Last month I explained my theory of why we're so screwed up infrastructure-wise or at least how we got to this point. This month I'll try to show you the way out of the situation.
For a few minutes, forget everything you know or at least everything you think you know. Accept my argument that almost everything we've done in commercial IT has been based on transactional requirements. Open your mind.
There are two distinct types of data: dynamic and persistent. Dynamic data is in flux; this is where transactional data begins. Persistent data is fixed. It's what it is and will never be anything else.
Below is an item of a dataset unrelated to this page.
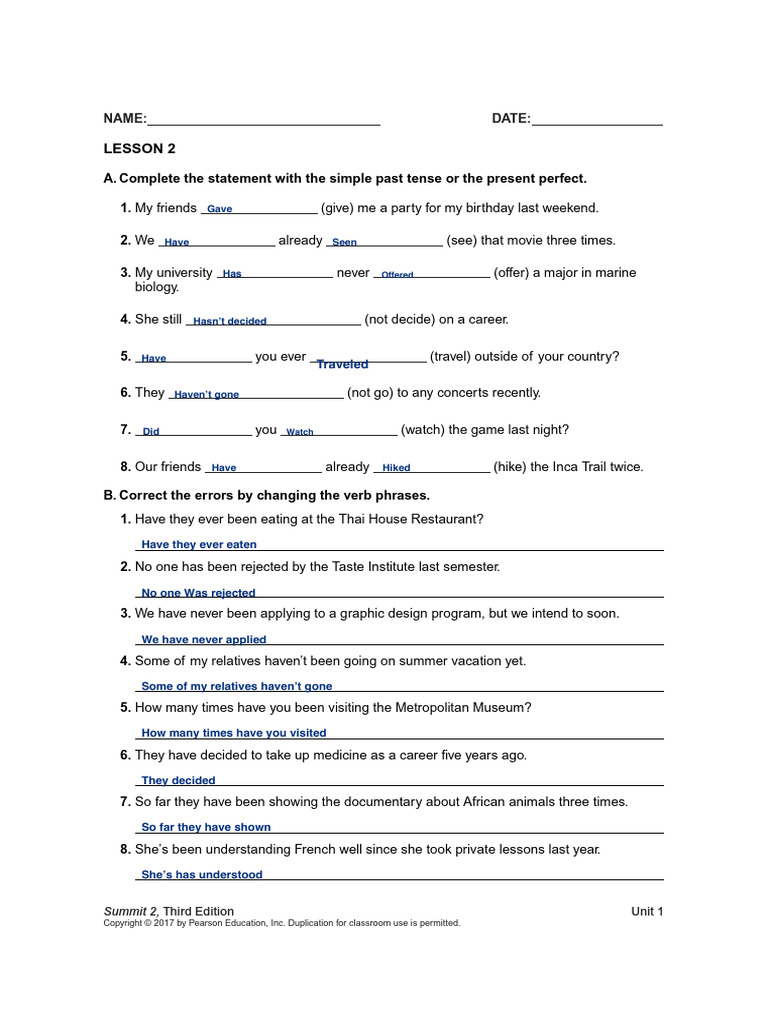 Lesson 2 | PDF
Just because data is dynamic doesn't mean it starts and dies within an RDBMS. Structured database data starts as dynamic, but at some point it becomes a nonchanging record. It's persistent. You may have reasons to keep it inside a database forever (although I doubt they're valid ones), but those records are still persistent; they are what they are.
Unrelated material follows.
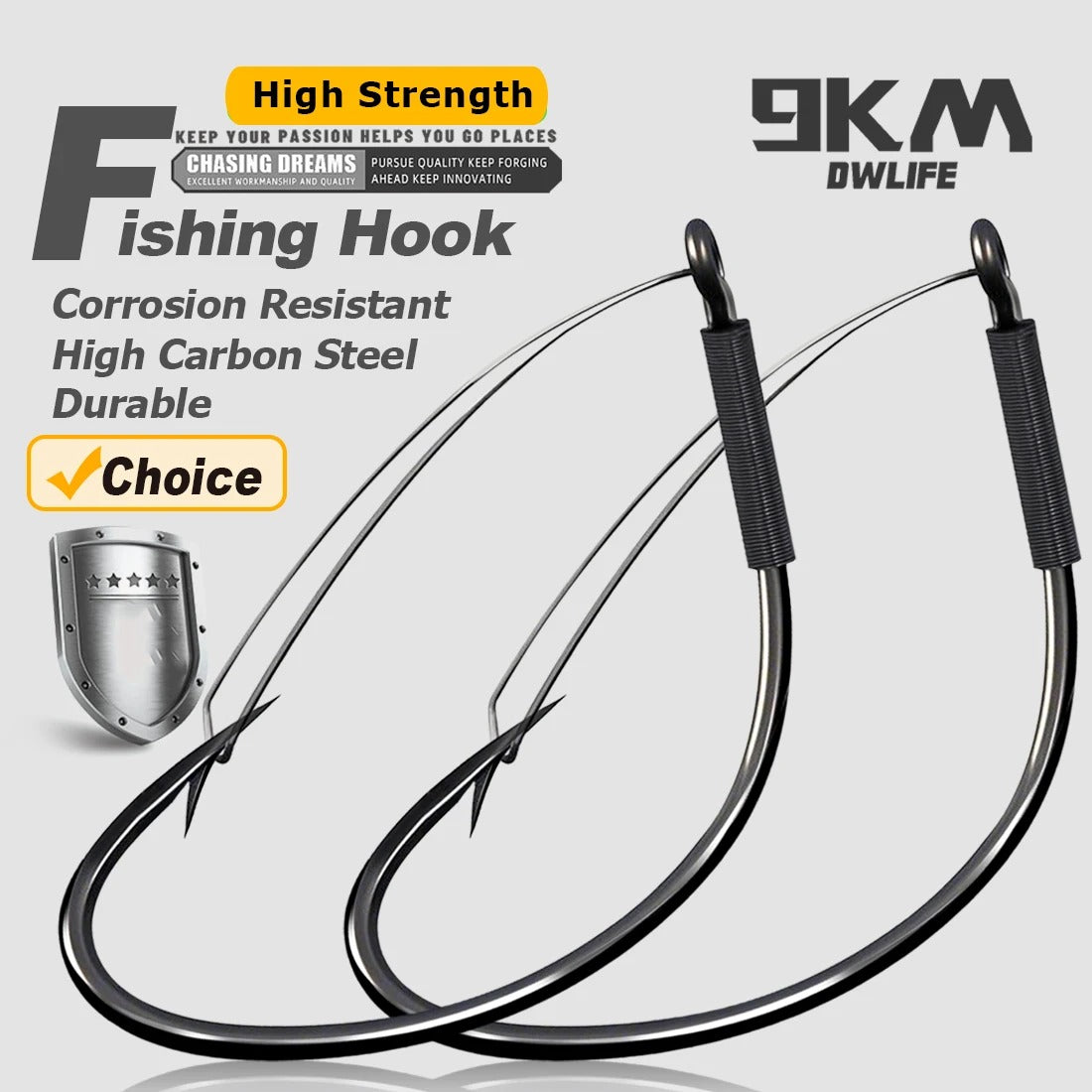 9KM Weedless Wacky Rig Hooks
Here are a few rules that will help you:
Rule 1: Don't confuse how something begins its life with how it will end. Everything begins dynamic and ends persistent. Stop delineating between structured, unstructured and semistructured. All types live dynamically for some period, whether it's a Word document, a movie, a credit card transaction or an email. It all ends up as fixed digital content.
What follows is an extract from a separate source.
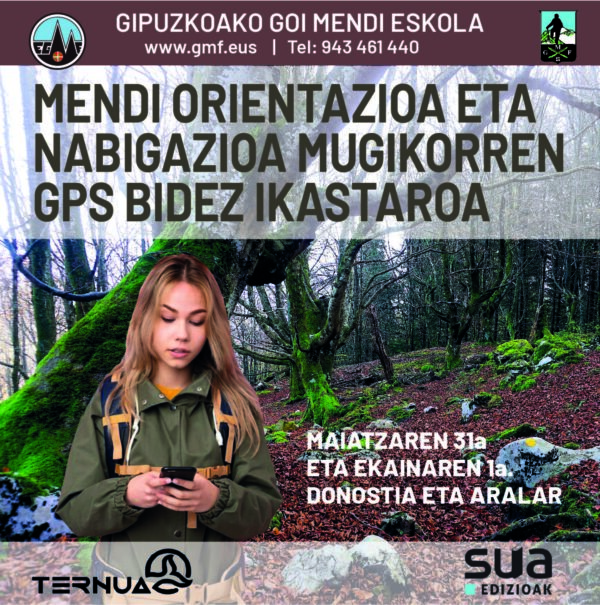 Orientación y navegación en montaña mendiante GPS del móvil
Rule 2: The attributes and requirements for each type of data are different. Read/write performance, throughput, redundancy, DR, etc., count more in the dynamic phase of data life; however, we've extended all of those philosophies to data that has stopped changing. Building data redundancies and protection schemas to handle real money transactions is good business; backing up a nonchanging data element a thousand times isn't. Having your bulletproof transaction system capable of handling all the dynamic money events thrown at it is good business. But adding processing power, capacity, network infrastructure, etc., to keep it churning away rather than removing the 90% of the data that isn't dynamic and can interfere with the real transactional stuff isn't.
Rule 3: The ratio of true dynamic data (and data being "treated" dynamically) to persistent data is approximately 1:10, and that ratio will rapidly evolve to 1:100 and beyond. Dynamic data just doesn't stay dynamic for very long.
Transactionally oriented systems are all about doing things fast. Perform the transaction fast, store the data fast and load the data into other systems fast. If it sits in a database, it's easy to find, which is the point of a database. The persistent data world is all about finding things. The whole categorizing/ classifying/indexing/search thing is designed to add structure so we can find things. However, it seems to me that if we created two distinct "virtual" places to look for each distinct type of data, it would be a heck of a lot easier to find what we want. If all our dynamic data sat in one place designed to handle things like that and was then moved (based on business rules) into the persistent digital content store, we'd be able to architect this store entirely differently than the dynamic store.
If the dynamic store is about speed and redundancy, the persistent store is about infinite dynamic scale, finding things easily and quickly, and an autonomous self-managing/self-healing infrastructure. It should also be cheap to buy. Stop trying to turn the dynamic store into the persistent one, and also stop trying to make the persistent store dynamic. If you act differently, you'll realize you can get back to making IT a competitive advantage.